2014 Midterm Elections: How Did We Do in the Senate Races?

There were 36 U.S. Senate races this year, and as usual most of them weren’t close and weren’t polled much, if at all. We pride ourselves on polling every race at least once, although we generally looked at ones that weren’t expected to be close only once or twice at most. That was a mistake in the case of Virginia where a popular Democratic incumbent ended up winning by less than a point.

But we clearly saw the Republican wave coming, although the margins in the races in some cases proved to be bigger than some of our final polls projected.

To see a comparison of our numbers to the final outcomes in all the Senate races, click here. Also included for comparison is the Real Clear Politics average of all the most recent polls, not just ours, in each race. In several cases, we were the only poll in the race, and because it wasn’t likely to be a close contest, we didn’t revisit the state. But that may mean that we polled a contest several months before Election Day: Nebraska is a case in point.

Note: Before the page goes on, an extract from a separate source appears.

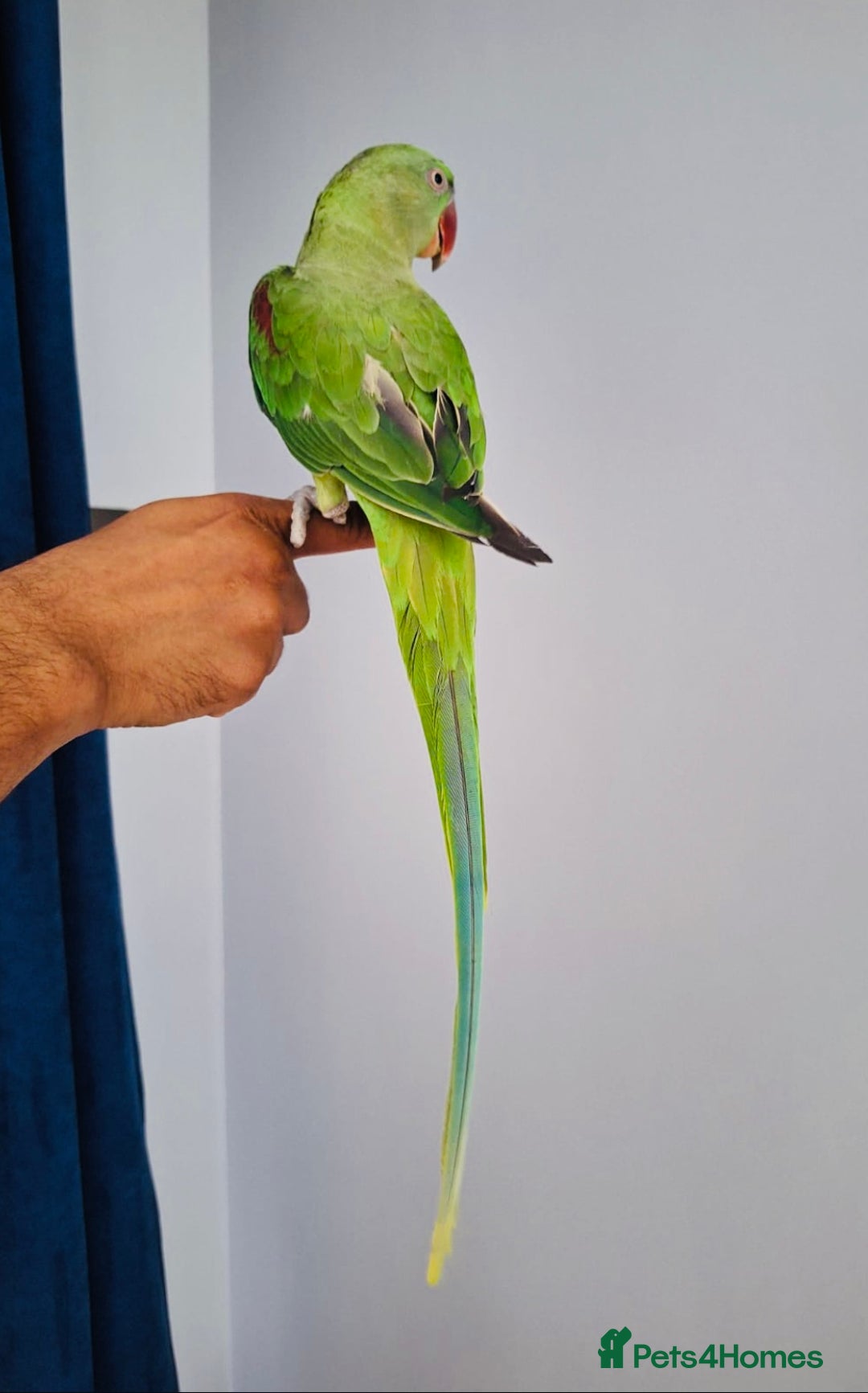 Parrots birds for sale: Beautiful hand reared alexandrine parrot for sale. - Image 6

This is what we predicted the day before Election Day: “Right now, Republicans can pretty definitely count on three Senate pickups in Montana, South Dakota and West Virginia. They appear to have a definite advantage in three more – Alaska, Arkansas and Colorado. Louisiana also looks like a potential GOP pickup, but we aren’t likely to find out until a December 6 runoff. That’s seven new Republican seats, with Iowa also leaning the GOP’s way.”

Republicans won all of these seats as projected, with Louisiana going to a runoff where the GOP candidate is a clear favorite.

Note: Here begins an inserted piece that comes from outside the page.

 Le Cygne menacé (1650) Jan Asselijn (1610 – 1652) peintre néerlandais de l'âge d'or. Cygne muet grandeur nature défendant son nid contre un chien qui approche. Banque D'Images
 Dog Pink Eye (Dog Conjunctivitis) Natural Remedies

We had only three races as Toss-Ups going into Election Day – Georgia, Iowa and North Carolina. Republicans in Georgia and Iowa outperformed our numbers and those of other pollsters, too. North Carolina was just as close as we projected.

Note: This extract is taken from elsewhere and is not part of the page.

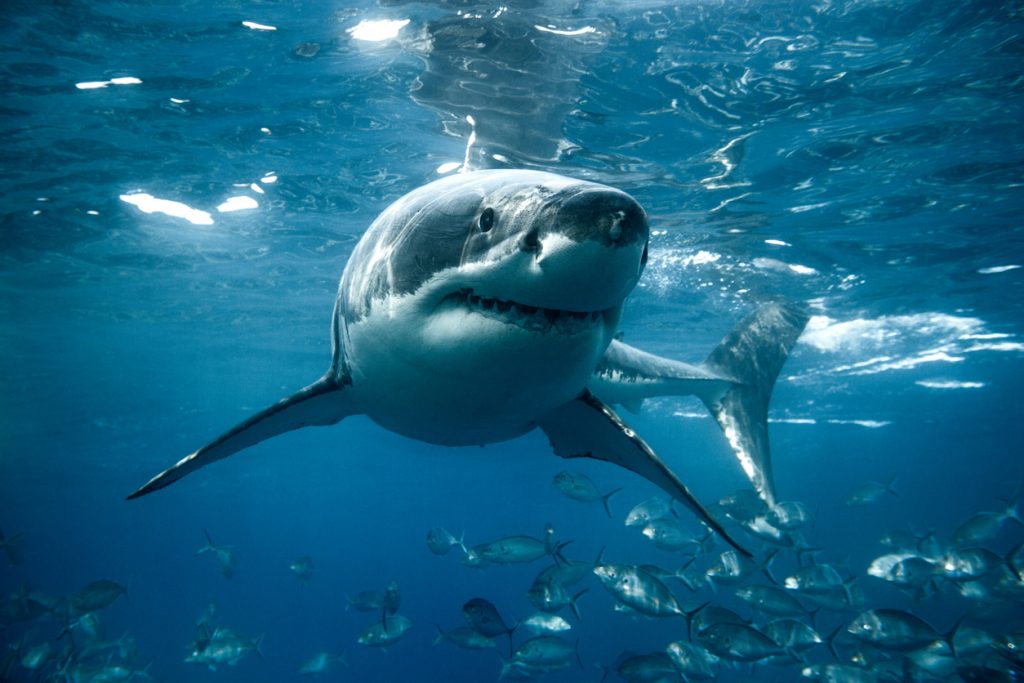 Weißer Hai (Carcharodon carcharias) schwimmt im offenen Meer, umgeben von Fischschwärmen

Our big mistake was Kansas. Admittedly our last survey there was two weeks before Election Day, but we showed Independent candidate Greg Orman leading incumbent Republican Pat Roberts by five points. Roberts won by 11. There was a lot of last-minute hard campaigning on the Republican side, but the lesson we learned was to do more polling in the closing days. We polled seven states in the final week before the election, but unfortunately Kansas wasn’t one of them.

In every other state, we correctly projected the winner, except North Carolina where we showed Democrat Kay Hagan with a 47% to 46% lead the week before Election Day with a +/- 3 margin of error. She lost to Republican Thom Tillis by two points instead.

It’s interesting to note that in the races in which the spread was really off for us (and the Real Clear Politics average of all pollsters), most of the time we were spot-on for the Democratic number but wrong on the Republican number.  But if you add the percentage of voters “not sure” to the GOP side, you will come very close to the final Republican number.

This suggests that the last minute swing vote went to the Republicans, and while it did not necessarily change the game in terms of the winner, it very much changed the spread between the candidates. Republicans clearly had the momentum and the enthusiasm this election cycle; Democrats did not.